- _Assignment_:
From the records below, set down exactly the lines starting with the line that contains "خرید و دانلود" and going on through the line that contains "Trix Are For Kids Sweatshirt Color Black". Nothing else is wanted.

- _Records_:
· · ·
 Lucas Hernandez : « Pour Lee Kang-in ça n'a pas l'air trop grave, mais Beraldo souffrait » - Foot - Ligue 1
· · ·
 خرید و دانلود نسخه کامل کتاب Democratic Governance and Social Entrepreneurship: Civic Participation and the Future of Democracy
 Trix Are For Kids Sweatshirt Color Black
· · ·
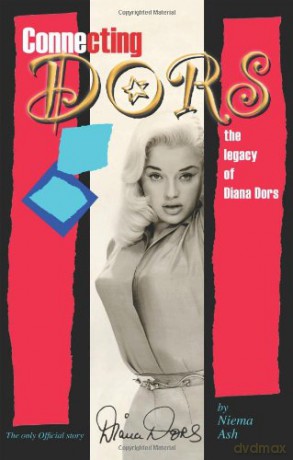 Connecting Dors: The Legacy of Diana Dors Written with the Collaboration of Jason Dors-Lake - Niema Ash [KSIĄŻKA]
· · ·
- _Result_:
 خرید و دانلود نسخه کامل کتاب Democratic Governance and Social Entrepreneurship: Civic Participation and the Future of Democracy
 Trix Are For Kids Sweatshirt Color Black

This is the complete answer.